THE RECORDS: Begin

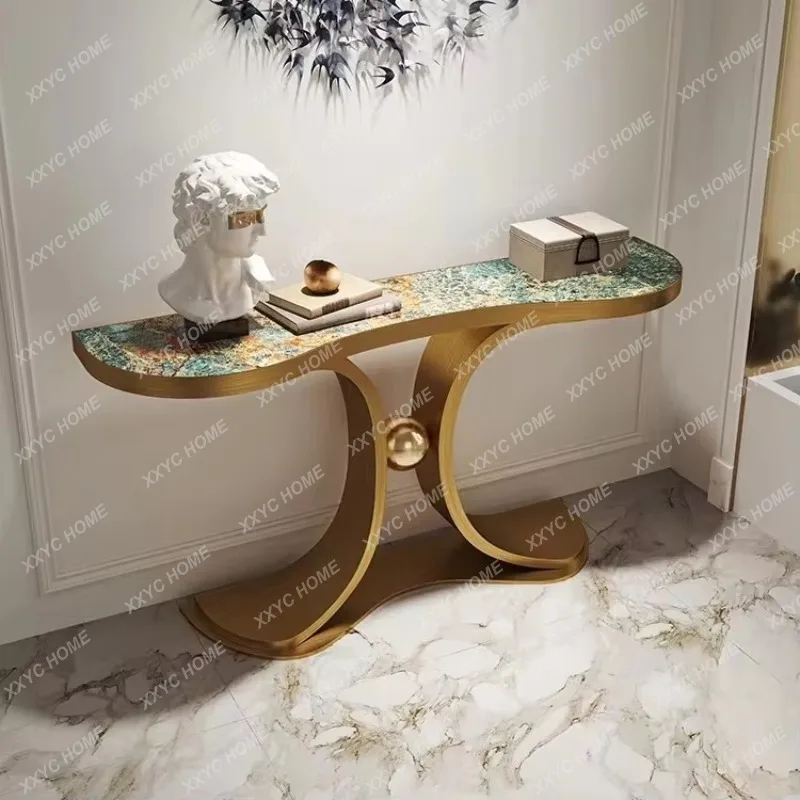

Дизайнерский столик из каменной плиты в стиле лёгкой роскоши, креативный, элегантный, простой и современный, для прихожей, устанавливаемый у стены.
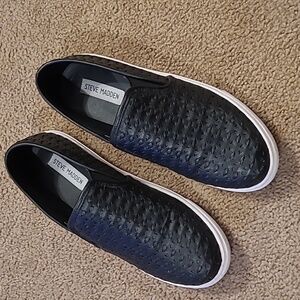 Steve Madden Excel size 9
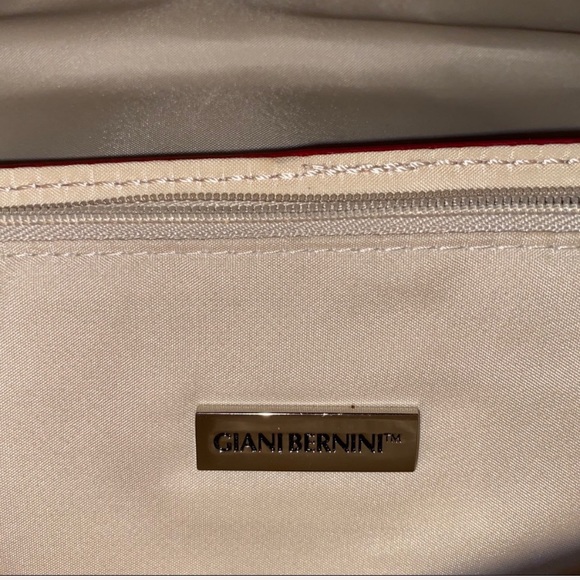 Giani Bernini red leather handbag with straps - Picture 5 of 5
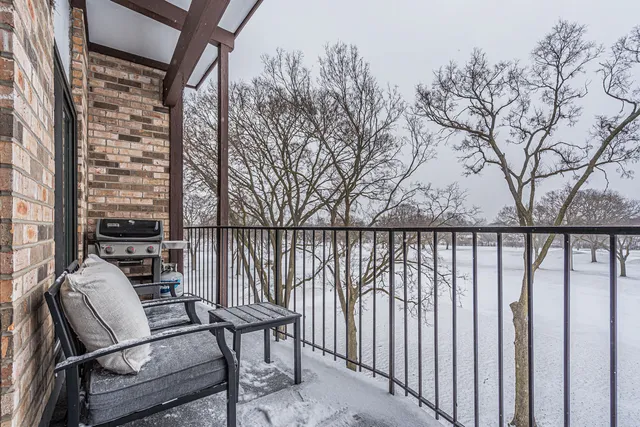 $288,000 | 1400 North Yarmouth Place, Unit 407, Mount Prospect, IL 60056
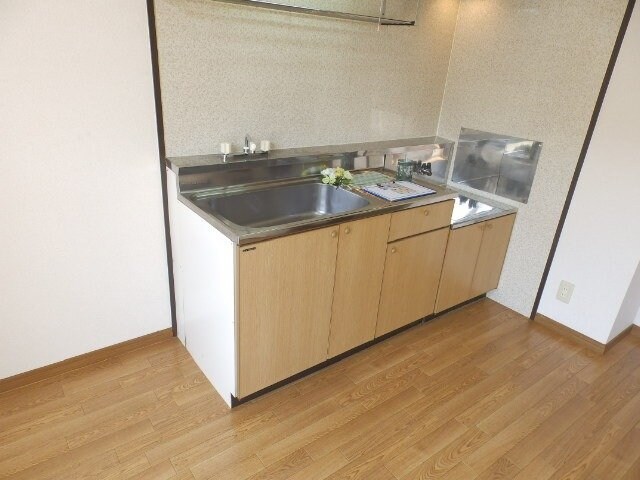 同物件別部屋のお写真です。 Ｓｕｒｐｌｕｓ　Ｔｗｏ　ＭＵＲＡＴＡ　Ａ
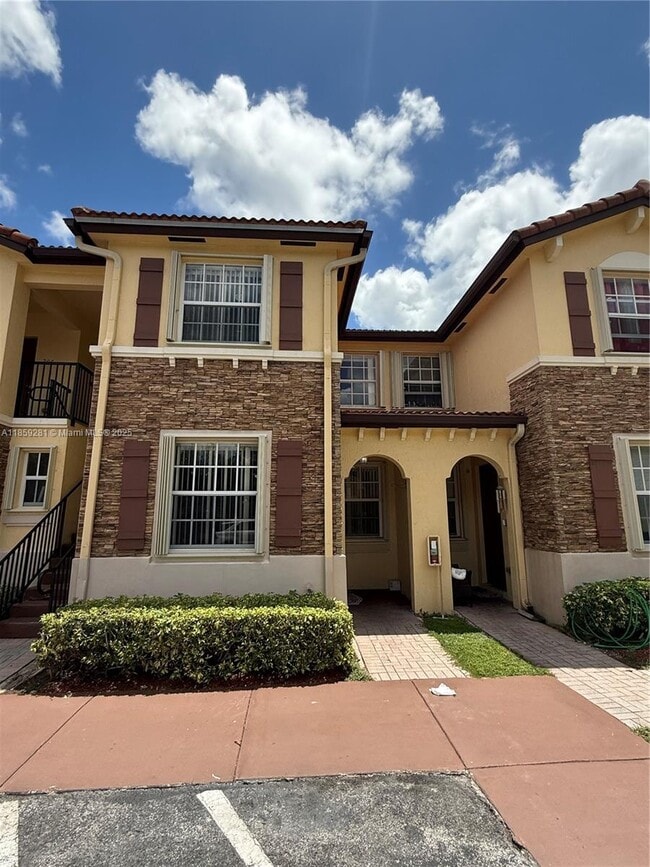 Photo - 1575 NE 33rd Ave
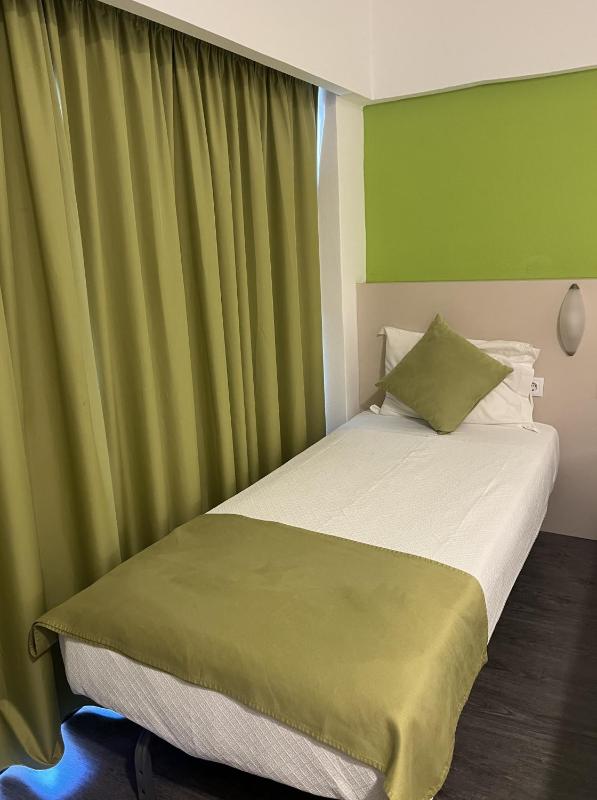 Twin Comfort with Extra bed  image 4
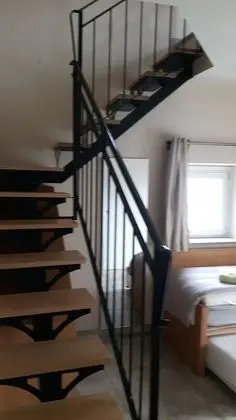 Family Oda, Balkon, Kule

THE RECORDS: End

WHAT TO WORK ON:
Output the line containing "Giani Bernini red" along with every line after it to the end of the material, exactly as written, but without pictures.

SOLUTION:
 Giani Bernini red leather handbag with straps - Picture 5 of 5
 $288,000 | 1400 North Yarmouth Place, Unit 407, Mount Prospect, IL 60056
 同物件別部屋のお写真です。 Ｓｕｒｐｌｕｓ　Ｔｗｏ　ＭＵＲＡＴＡ　Ａ
 Photo - 1575 NE 33rd Ave
 Twin Comfort with Extra bed  image 4
 Family Oda, Balkon, Kule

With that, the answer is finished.